By: Amy @IWantItNowBlog Clark
I recently came across this interesting study published by Software Advice. It determined the appropriate tone of voice for support agents to use when contacting customers via email.
The article stated that, “Using the wrong tone at the wrong time can be off-putting or even downright infuriating to the person on the other end. Even worse, bungling the tone in a canned-response macro can duplicate this kind of negative experience for hundreds of other customers.”
Recently, I had the pleasure of interviewing Software Advice’s market research associate on this topic. His insights are particularly interesting and relevant for all of us customer support professionals.
Keep reading for the full interview below-
1. Please tell us about yourself and your customer engagement research.
I’m a market research associate at Software Advice, a company that reviews customer engagement software.
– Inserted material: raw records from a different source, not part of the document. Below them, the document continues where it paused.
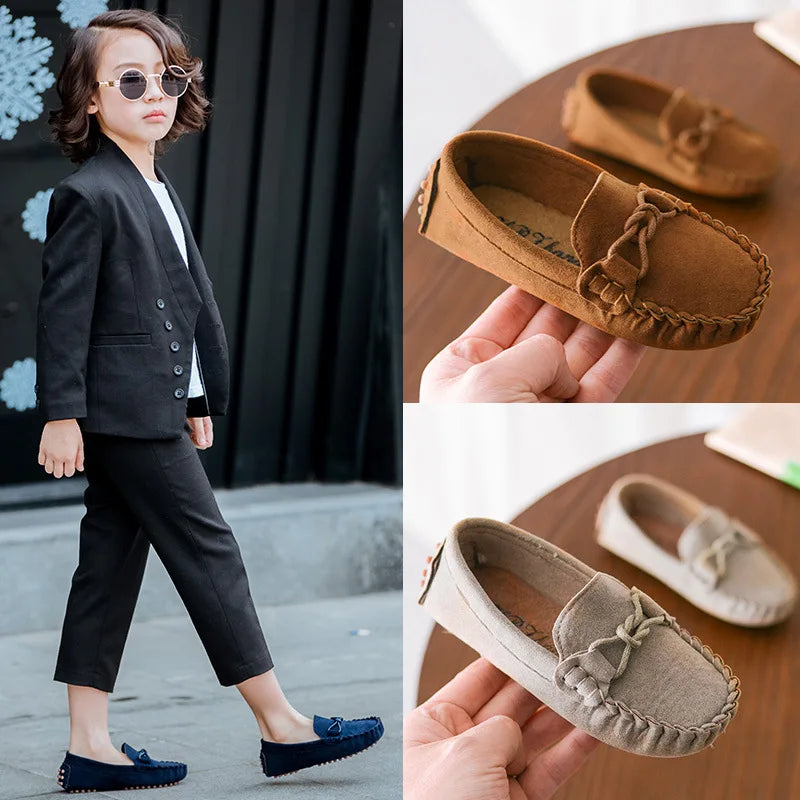 Kinder Loafers Schuhe 2025 - Jungen Flach Sneakers Baby Kids Casual Schuhe - Kleinkind Mädchen Atmungsaktiv Slip-on Schuhe Weich Boden Einfarbig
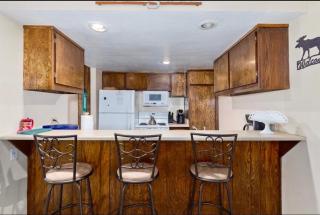 Cozy Condo w Pool, Spa, Hot Tub n BBQ - 4
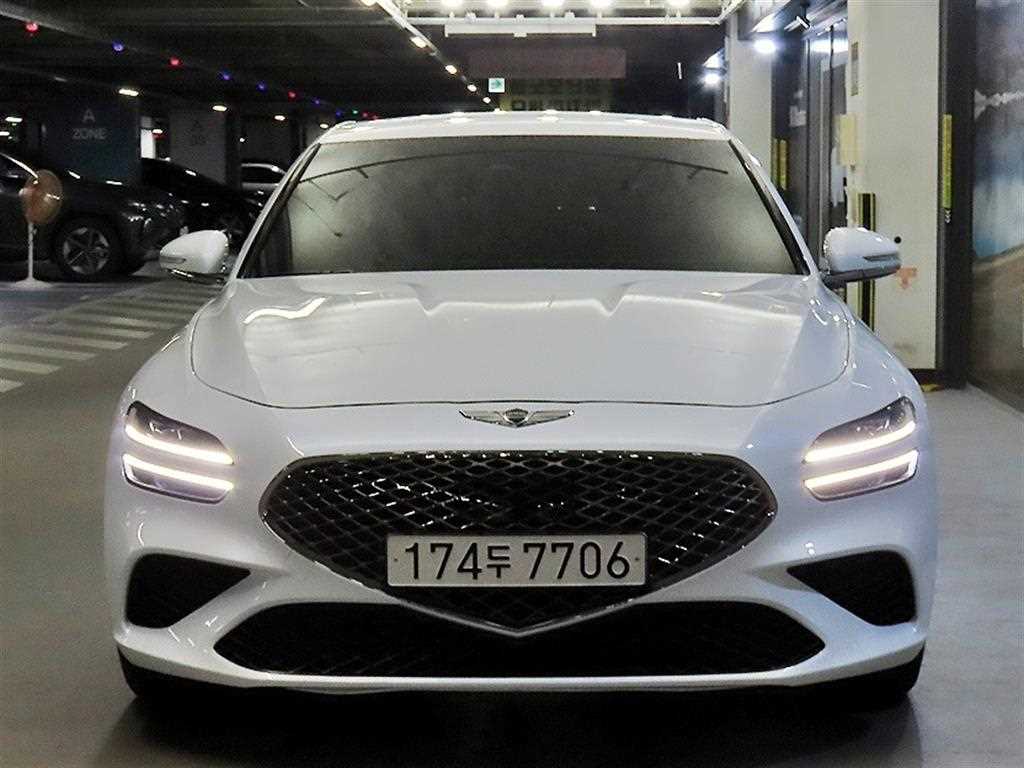 제네시스 G70 가솔린 2.0T 2WD 프리미엄 사진 2/20
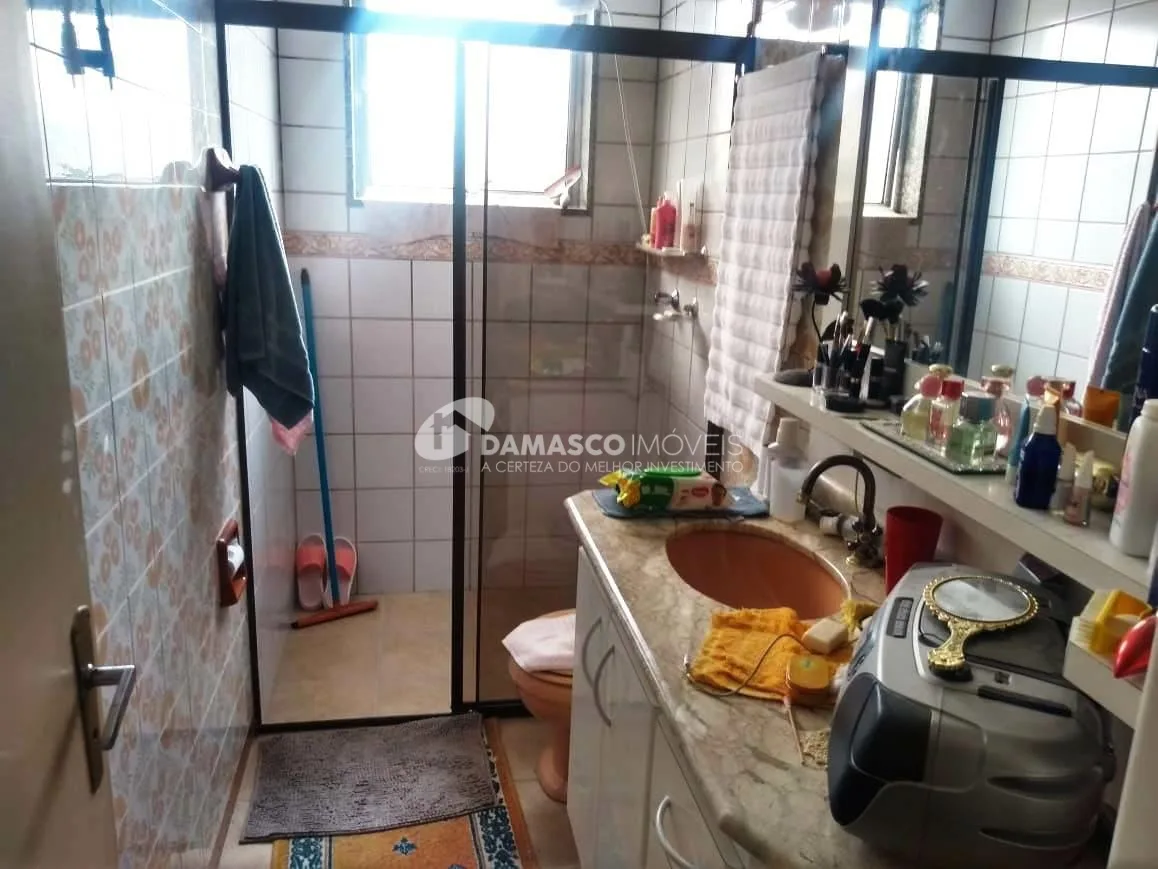 Sobrado à venda 3 Quartos, 1 Suite, 2 Vagas, 238M², Centro, Santo André - SP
I specialize in the customer relationship management (CRM) industry and conduct original research to help businesses understand trends in customer engagement processes and technologies.
For this particular report, we conducted a three-day online survey of six questions and gathered 2,317 responses from randomly selected people in the United States.
2. How do customer support agents know when to use a friendly, casual tone and when to keep things serious and formal?
Our research suggests that, in a neutral situation, more customers (65 percent) generally prefer a casual tone. So for many businesses, that may be the best place to start. However, customers’ responses to diction and tone vary widely depending on the context of the interaction. For instance, we found that a rep using an overly informal tone was over twice as likely to damage satisfaction for customers in stressful or confusing situations, such being denied a request. So the more touchy or frustrating the scenario, the more agents need to be mindful of how the customer is feeling and perhaps consider using a reserved tone in order to avoid sounding unconcerned or condescending.
3. What is the most common reason for customers to become upset while on a support call?
The most common reason will range considerably from industry to industry and business to business. Our research found that using overly familiar language in a touchy situation can definitely be a cause for significant frustration, with 39% of customers saying they would be “much less satisfied” with their overall service, and 22% saying they would be “moderately less satisfied.
4. What do customers find inappropriate during support requests?
A significant number of customers (35 percent) find emoticons to be inappropriately casual for a customer support interaction. For another 26 percent, this was also true of highly colloquial words such as ‘awesome’ or ‘cool.’
5. What advice can you offer to customer success professionals trying to improve their rate of first call resolution?
Before you respond, make sure you anticipate the customer’s frame-of-mind and thoroughly understand their request. It’s better to answer correctly than quickly.